A new history of the significant World War II battle in the Pacific, published to coincide with the 75th anniversary.
The battle of Guadalcanal, which lasted from August 1942 to February 1943, has produced a torrent of histories, many by the participants, but first-time readers will have no complaints about this straightforward account by journalist and historian Wheelan (Their Last Full Measure: The Final Days of the Civil War, 2015 etc.). Despite the Japanese attack on Pearl Harbor, Allied leaders agreed that fighting Hitler took priority. Only fleet commander Ernest King disagreed, and when the Japanese began building an airfield on the obscure island of Guadalcanal, his warning that this might enable Japan to sever sea lanes to Australia persuaded American military leaders to take action. A hastily assembled Marine force under Gen. Alexander Vandegrift landed on the island, which contained mostly construction workers who fled.
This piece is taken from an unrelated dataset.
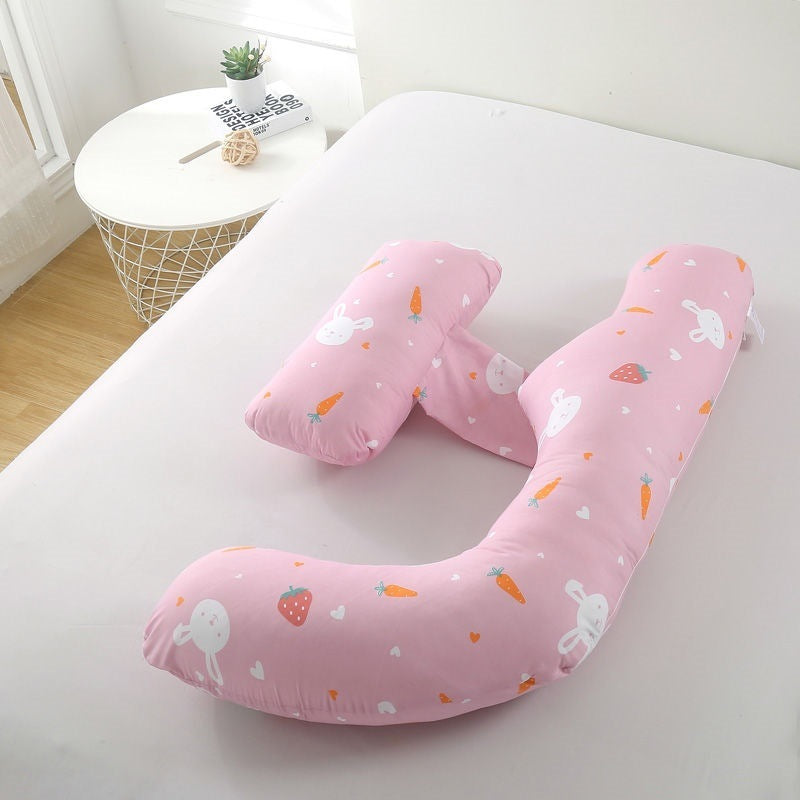 U-Shaped Maternity Waist Protection Side Sleeper Pillow for Comfort Suppor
Underestimating the number and fighting quality of the Marines, the Japanese landed small and then increasingly large forces, but their banzai charges, which proved to be successful against poorly trained troops in China, did not work against the Marines—although several bloody assaults almost succeeded. Over the next months, the American Navy grew increasingly aggressive, more planes and reinforcements arrived, and the American position became impregnable. In November 1942, Vandegrift took the offensive; in February, the Japanese abandoned the island and began their long retreat. Wheelan rightly concludes, “after squandering opportunities to land large numbers of reinforcements in August and September—when Japan enjoyed air and naval superiority—the Japanese attempted to make up for it in October and November. It was too late; by then American air and naval forces had become too formidable.”
Current-day readers, accustomed to an era of perpetual war with no end in sight, will find this expert, nuts-and-bolts history of a famous victory thoroughly satisfying.